Zakwitł najmniejszy z rojników - kwiatek jest większy od samej rozetki Rojnika pajęczynowatego (odm. tomentosum). Na tym zdjęciu widoczne charakterystyczne "pajęczynki", w które ta odmiana nie jest aż tak bardzo obdarzona jak inne

Zanim skończy się sezon ogrodowy zachwycam się wspaniałymi jeszcze dniami i dostrzegam grę światła na zmieniającej kolory roślinności. Jeszcze będzie czas na utyskiwanie jak to szaro i buro.
W zasadzie odczuwałam coś w rodzaju wypalenia i mało fotografowałam, w zasadzie coraz częściej mam zdanie, że już wszystko było, pokazałam na forach ogrodowych wszystko co można. A przecież ogród TYLKO dojrzewa, nie może się przecież ciągle zmieniać, tak jak na poczatku gdy się go tworzy.
Sporą część urlopu przechorowałam, zdarzyło się tak pierwszy raz od dawna, ale skutecznie odebrało mi siły i możliwość cieszenia się ogródkami. Jednak cały czas działaliśmy, zwyczajnie nie uwieczniałam tego na zdjęciach.

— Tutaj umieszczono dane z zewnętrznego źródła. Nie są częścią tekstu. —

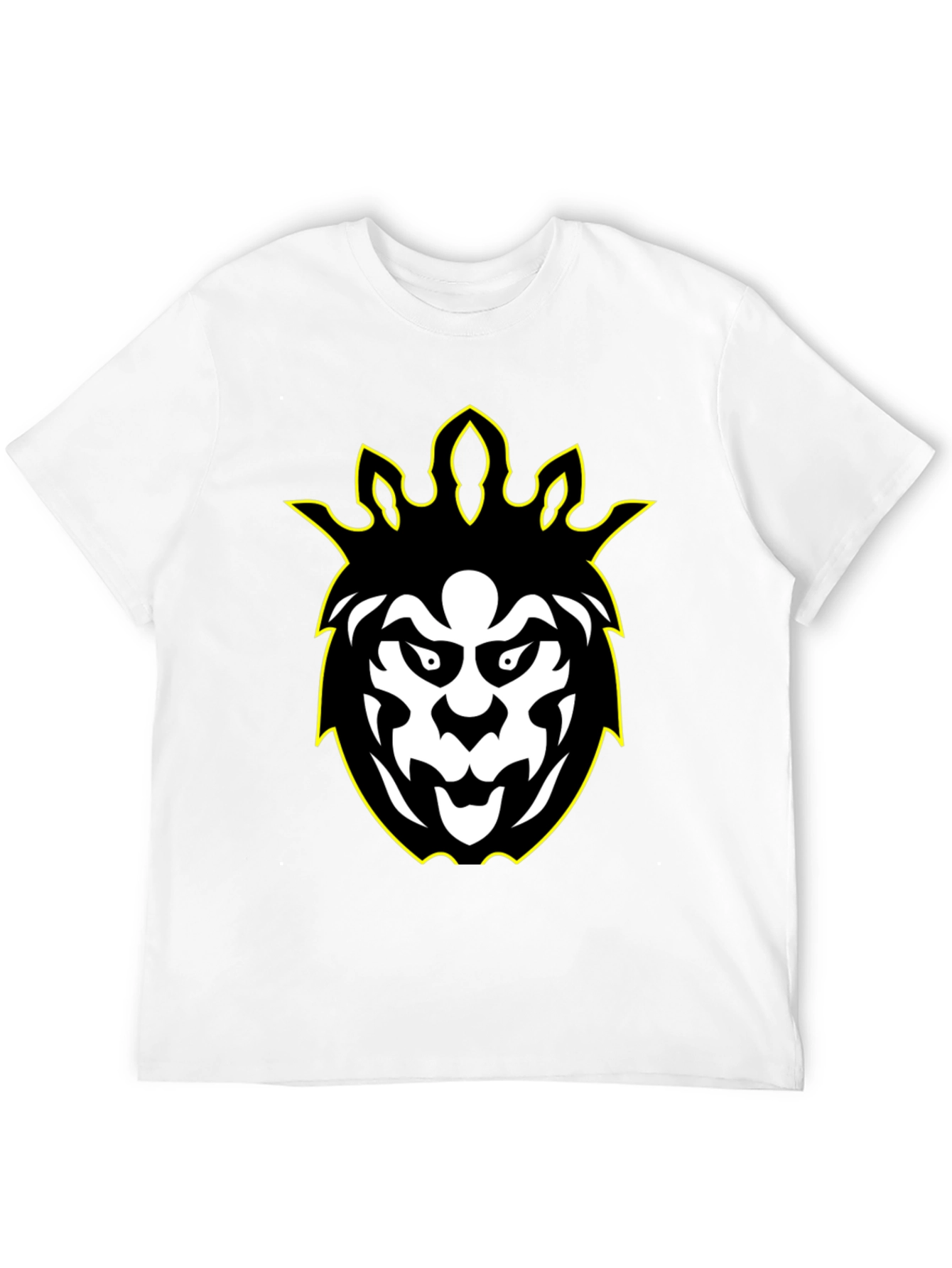 Graphic Tee - Black Lion Design with Yellow Outline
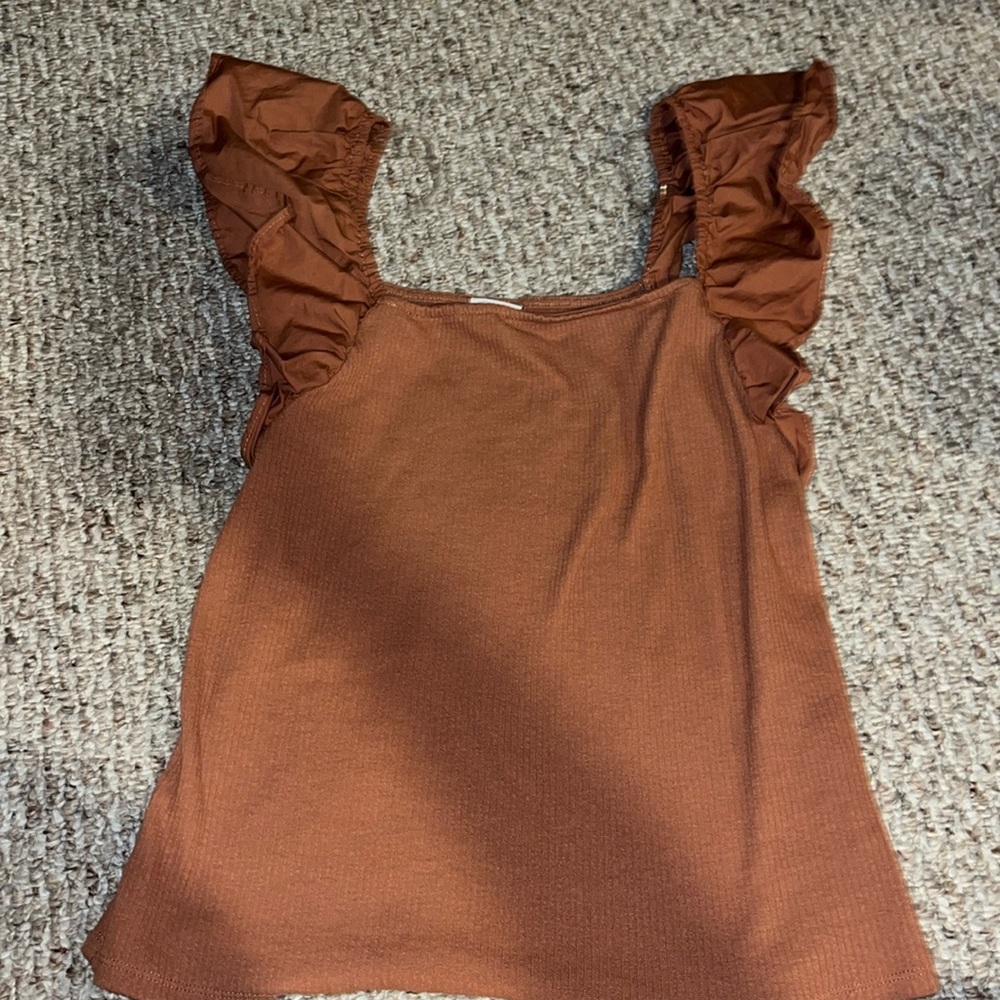 A New Day Ruffle Shoulder Top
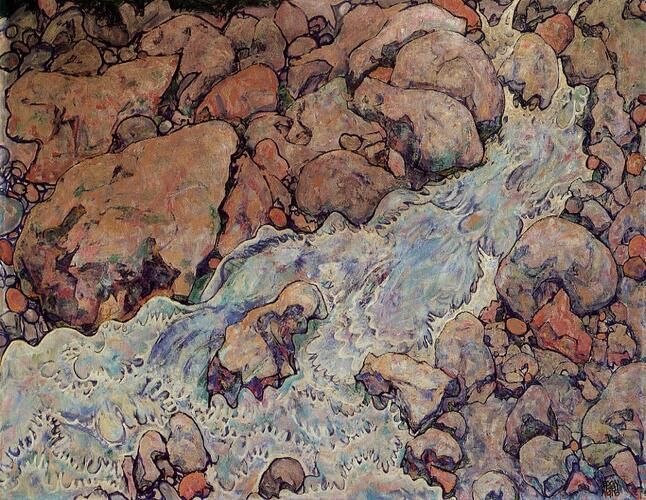 "Mountain Torrent" by Egon Schiele captures the dynamic flow of water over an array of rocks in a vibrant and expressive manner. The intricate lines and rich earth tones highlight Schiele's keen observation of natural forms, diverging from his renowned figurative works.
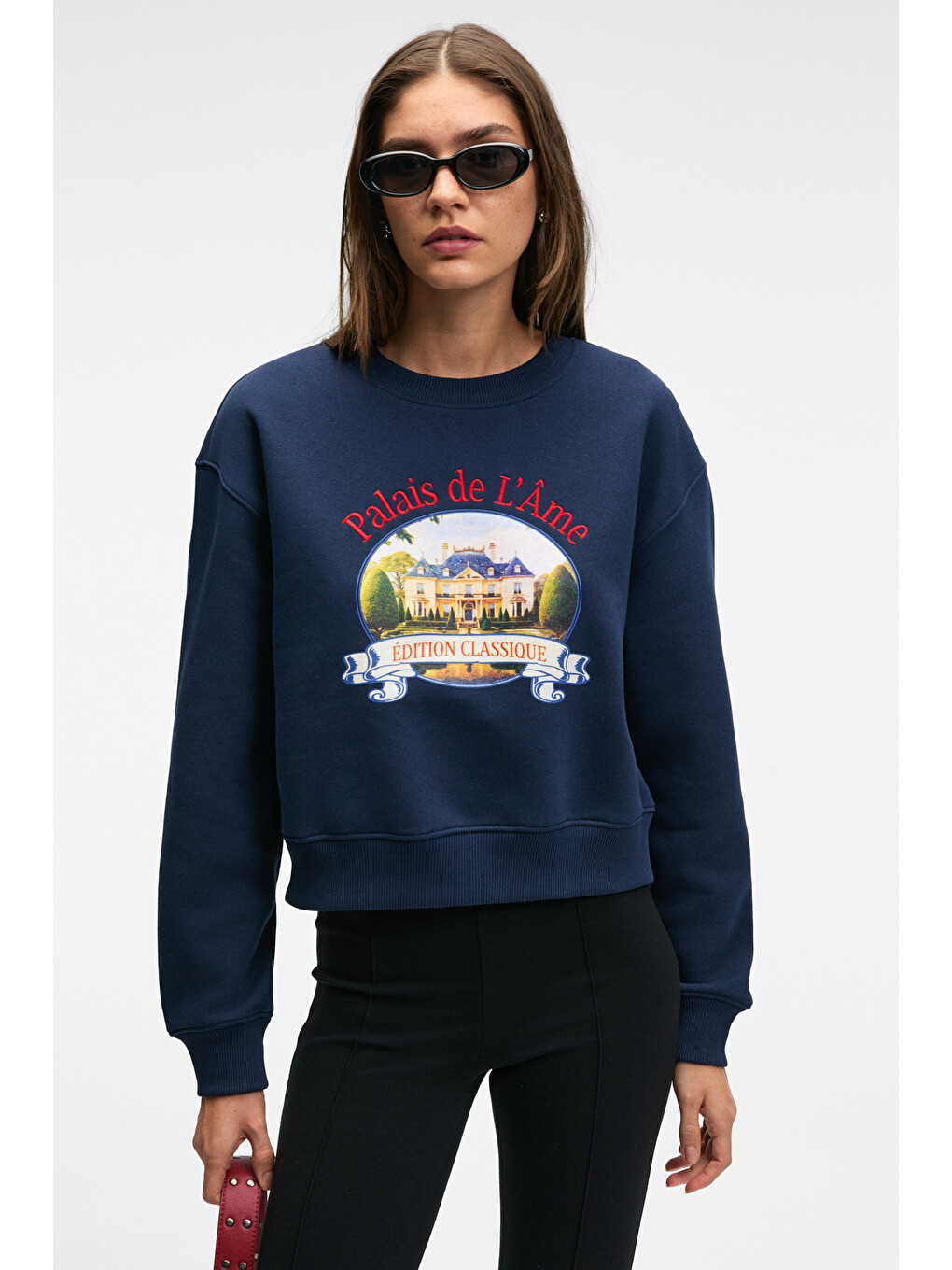 Talmera Kadın Önü Baskılı Yuvarlak Yaka Lacivert Sweatshirt-1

Dzisiaj pokażę jaki niewielki klejnocik zakwitł, a jak wielką sprawił mi radość. Pewnie też powróci chęć do uwieczniania takich zdarzeń.



Na zdjęciach przedstawiam pierwsze kwitnienie najmniejszego rojnika jakiego posiadam w swoich skalnych szczelinowcach, największe rozetki osiągają maksymalnie 5 mm! Sadzonki dostałam dwa lata temu od mojego kolegi z Nowej Soli, wiedział że szukam miniaturowych roślin skalnych do budowanego wtedy skalniaka szczelinowego. Nie znałam odmiany, ale poszukiwania doprowadziły mnie do Rojnika pajęczynowatego odm. tomentosum [Sempervivum arachnoideum var. tomentosum - (C.B. Lehmann & Schnittspahn), Hayek (1923)].



Jak widać na zdjęciach ma jeszcze dwa pąki kwiatowe.


Pokazywany rojnik rośnie w pokazanym tutaj skalniaku.